I recently spent a lot of time looking for a decent way to:

  1. Set up livereload on gulp
  2. Set up a static server.

Here are my findings.

First, I tried using gulp-livereload and gulp-embedlr. Using them together was decent and they were pretty fast, however, they were too complex for my simple goal.

Everything changed when the fire nation attacked once I stumbled upon gulp-connect.

Using gulp-connect

This plugin is extremely simple to use, I set up a server in literally 5 lines of code:

gulp.task('connect', p.connect.server({  
  root: ['_public'],
  port: 4242,
  livereload: true

Yup, that’s it!
(p.connect = require('gulp-connect'), btw).

Live Reload

Now, to actually reaload the page on changes to tasks, we need to pipe p.connect.reload() on each task.

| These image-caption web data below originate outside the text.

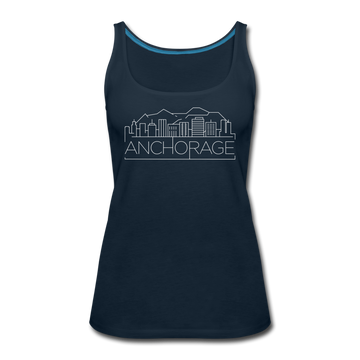 Anchorage, Alaska Women’s Tank Top - Skyline Women’s Anchorage Tank Top - deep navy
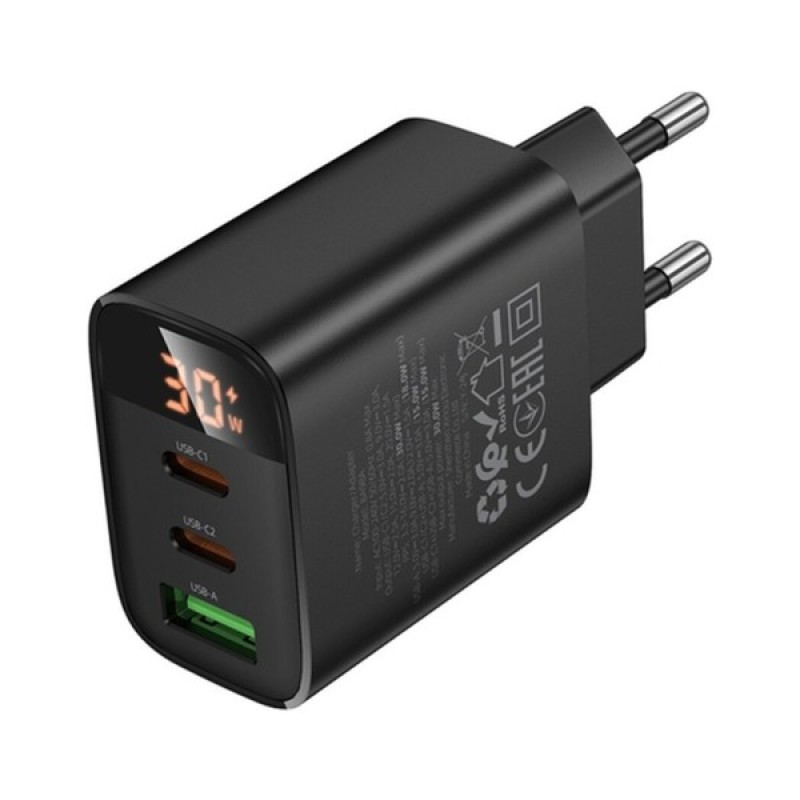 Зарядний пристрій BOROFONE BA98A 2xUSB-C PD30W + 1xUSB 18W digital display black (6941991120510)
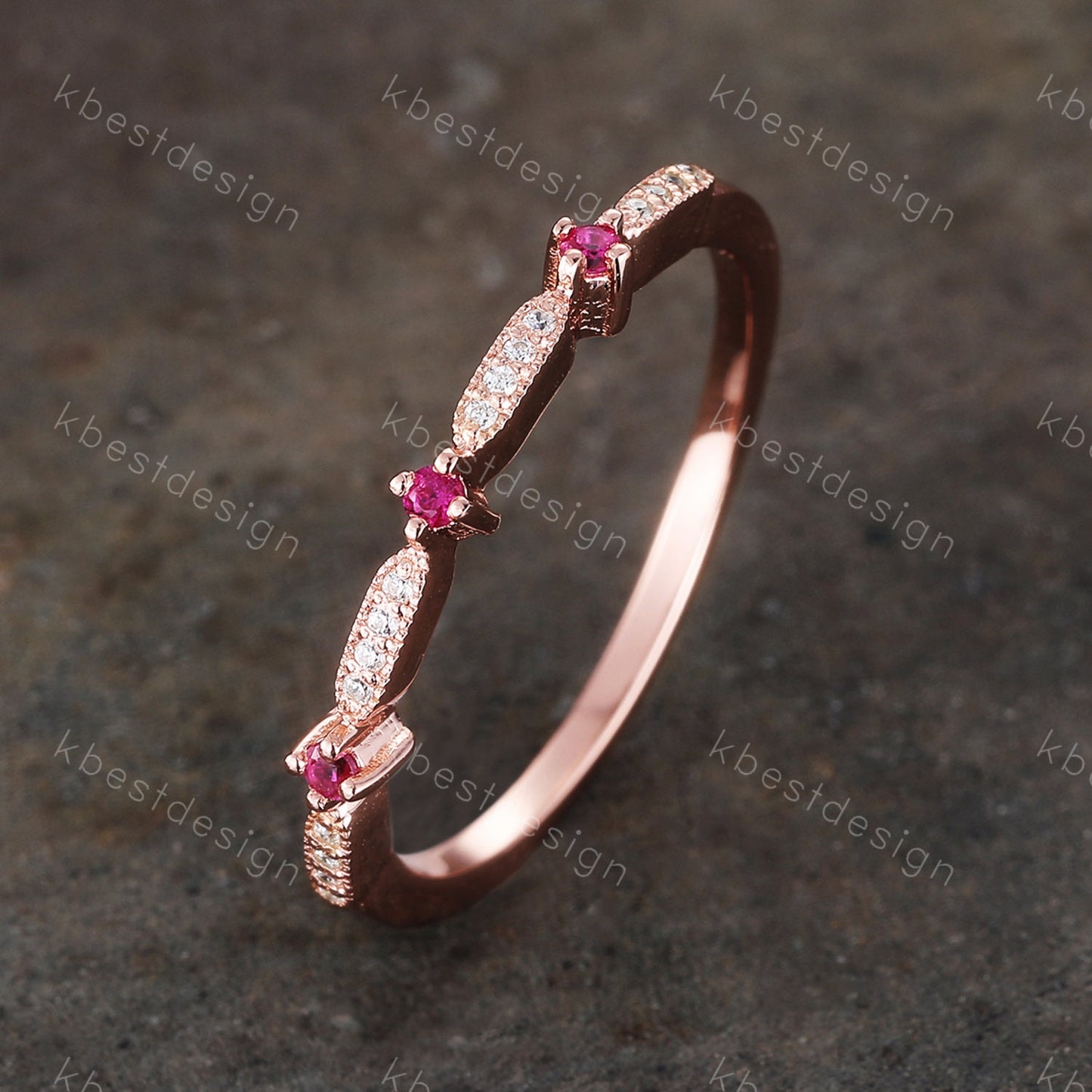 Delicate Ruby Wedding Band Ruby & CZ Diamond Wedding Band Half Eternity Matching Band Stackable Eternity Bridal Wedding Anniversary Ring
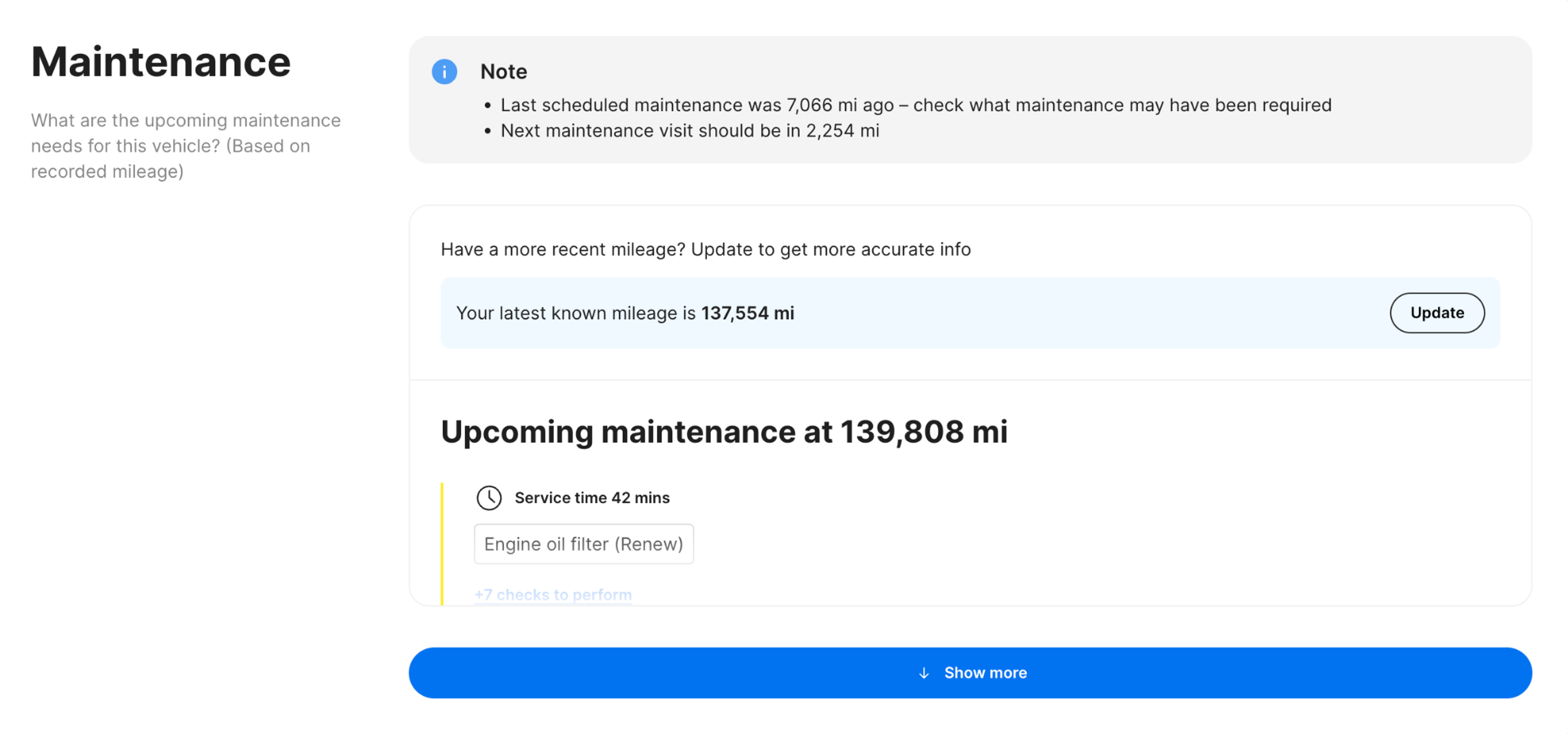Maintenance section in carVertical report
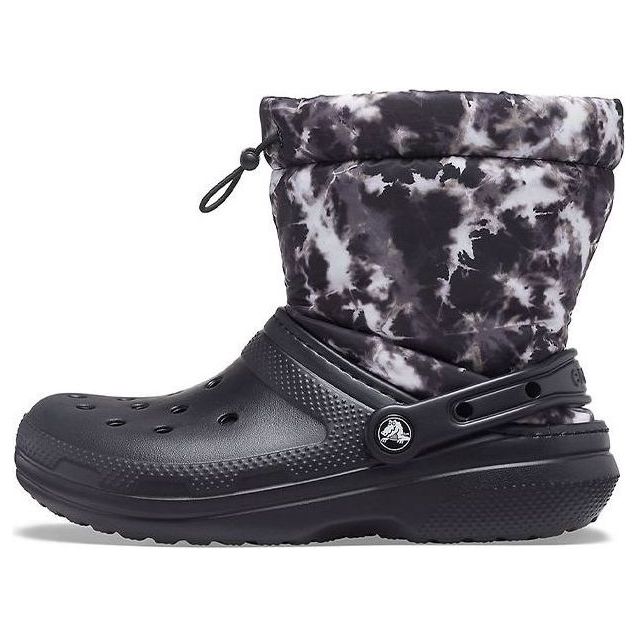 

Ботинки Crocs Classic Lined Neo Puff Tie Dye Boots 'Black White' 207328-001, черный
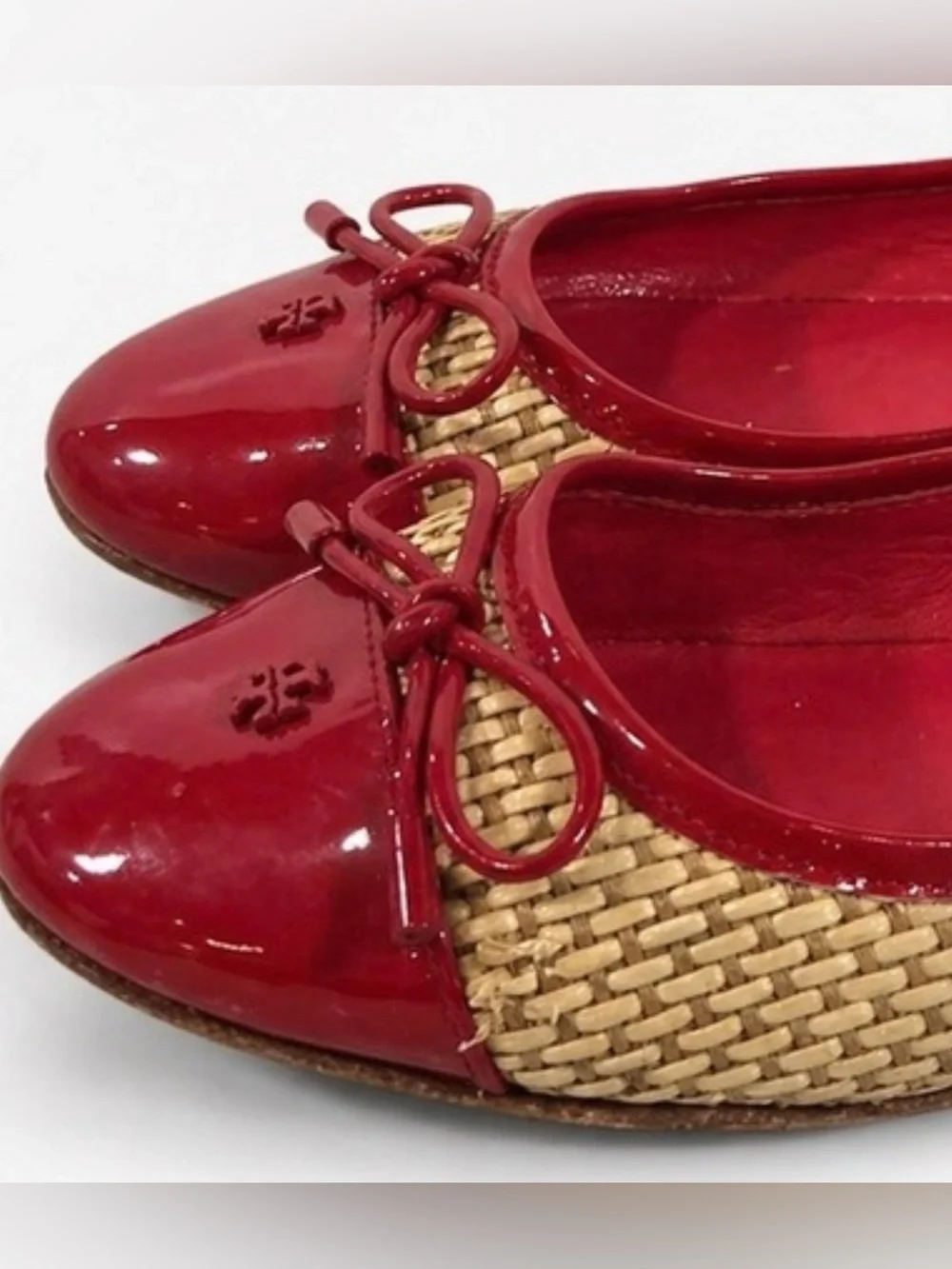 Tory Burch Reva Ballet Flats Red Patent & Raffia Woven Shoes Size 8.5M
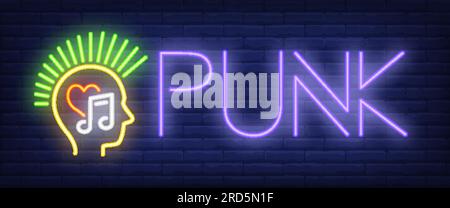 Punk neon testo e testa con mohawk Illustrazione Vettoriale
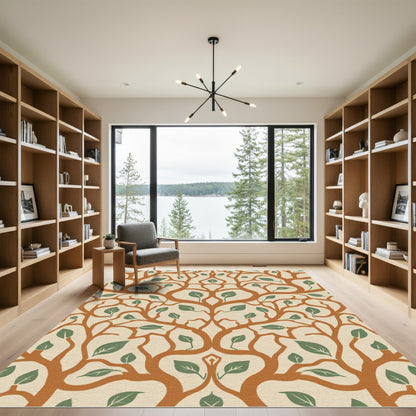 Amber Orange Tree Foliage Rug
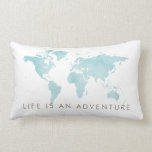 Life is an Adventure Teal Blue World Map Lumbar Cushion<br><div class="desc">Teal Blue or Aqua and Tan Brown Watercolor paint texture world map throw pillow with custom "Life is an Adventure" saying that can be personalized with any inspirational travel theme quote you want for a bedroom or baby nursery with a worldly international theme in neutral colors. Click 'customize further' to...</div>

I’ve found that piping it after gulp.dest() is the fastest, so add

  .pipe( gulp.dest( dest ) )
  .pipe( p.connect.reload() );

At the end of each task.
(Where dest refers to the destination path).

Proper watching

I include all ‘partials’ in a subfolder, and all files that are to be compiled in the root folder.

e.g., Jade’s partials/templates go into folders jade/layouts or jade/partials, while main that are to be compiled, like, index.jade or about.jade go in the jade folder.

Therefore, I just run tasks on the root folders, not any of the subfolders.

This creates a problem with live reloading. It would only reload if any of the files from the root folder is changed, but not if the subfolder files are changed.

To fix this, here’s what I changed my watch task to:

gulp.task('watch', ['connect'], function() {  
  gulp.watch( `src/styl/*.styl`, `src/styl/**/*.styl`, ['styles'] );

This runs the styles task, compiles properly, and livereloads on every file changed.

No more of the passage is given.